Transcription

Mavio converts spoken words into text using state-of-the-art speech-to-text models. Every recording is automatically transcribed with speaker labels, timestamps, and punctuation — no manual setup required.

How transcription works

When a recording is captured (via bot, desktop app, browser extension, or mobile app), the audio is sent to Mavio’s transcription engine. The process involves multiple stages:

Audio preprocessing

The raw audio is normalized, noise-reduced, and segmented into manageable chunks. Silence detection removes dead air to speed up processing.

Speech-to-text conversion

Each audio segment is processed by Mavio’s ASR (automatic speech recognition) models. These models are trained on millions of hours of conversational speech and optimized for meeting scenarios.

Punctuation and formatting

AI adds sentence boundaries, punctuation, capitalization, and paragraph breaks to produce natural, readable text.

Speaker diarization

Speaker identification models determine who is speaking at each moment. Segments are labeled with speaker names when known or speaker numbers (Speaker 1, Speaker 2) when not yet identified.

Post-processing

Domain-specific terms, proper nouns, and acronyms are refined using context from your organization’s custom vocabulary (if configured).

Accuracy

Mavio achieves 95%+ word-level accuracy under standard meeting conditions:

Factor	Impact on accuracy
Clear audio, one speaker at a time	97-99%
Multiple speakers with minimal crosstalk	95-97%
Background noise (office, cafe)	90-95%
Heavy accents or fast speech	88-95%
Poor audio quality or heavy compression	80-90%

You can improve accuracy significantly by using the meeting bot or system audio capture instead of mobile recording in noisy environments. Direct audio streams produce the cleanest input.

Supported languages

Mavio supports transcription in 40+ languages including:

Widely supported

English, Spanish, French, German, Portuguese, Italian, Dutch, Japanese, Korean, Mandarin Chinese, Hindi, Arabic

European

Polish, Czech, Slovak, Romanian, Hungarian, Greek, Swedish, Norwegian, Danish, Finnish, Turkish, Ukrainian

Asian & other

Thai, Vietnamese, Indonesian, Malay, Tagalog, Bengali, Tamil, Urdu, Hebrew, Russian, Cantonese

Automatic language detection

Mavio detects the spoken language automatically. If a meeting includes multiple languages, Mavio identifies language switches and transcribes each segment in the appropriate language. To force a specific language, go to Settings > Transcription > Default language and select your preferred language.

Real-time transcription

When using the desktop app or browser extension, you can enable live transcription to see text appear as the meeting progresses:

Go to Settings > Transcription > Live transcription and toggle it on.
During a recording, open the Mavio window to see the live transcript feed.
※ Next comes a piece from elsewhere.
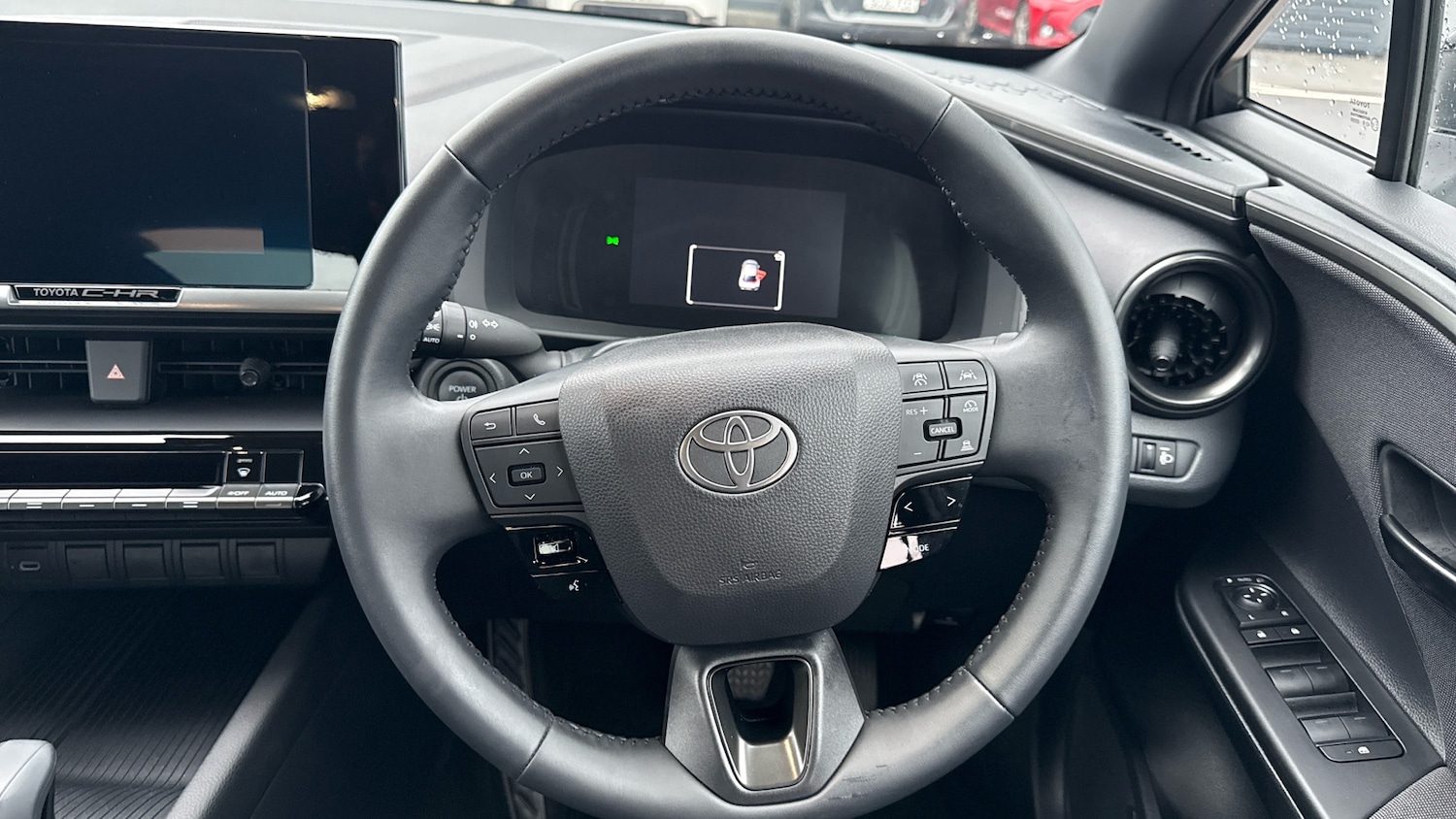 Used Toyota C-HR 2024 for sale - 76493763: Photo 8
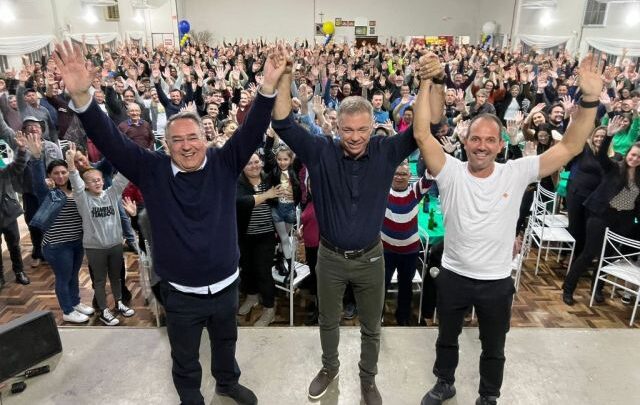 Grande evento em Timbó atrai multidão para ouvir Laércio, Gean, Colombo e Paulinho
Live transcription has slightly lower accuracy than the final processed transcript, which benefits from additional context and post-processing.

Real-time transcription requires a stable internet connection with at least 1 Mbps upload speed. It is not available in privacy mode, which processes audio on-device after the recording ends.

Custom vocabulary

Improve transcription of domain-specific terms, product names, and jargon:

Go to Settings > Transcription > Custom vocabulary.
Add words, phrases, or acronyms that Mavio should recognize (e.g., “Kubernetes”, “OKRs”, “Mavio”).
Optionally add pronunciation hints for unusual spellings.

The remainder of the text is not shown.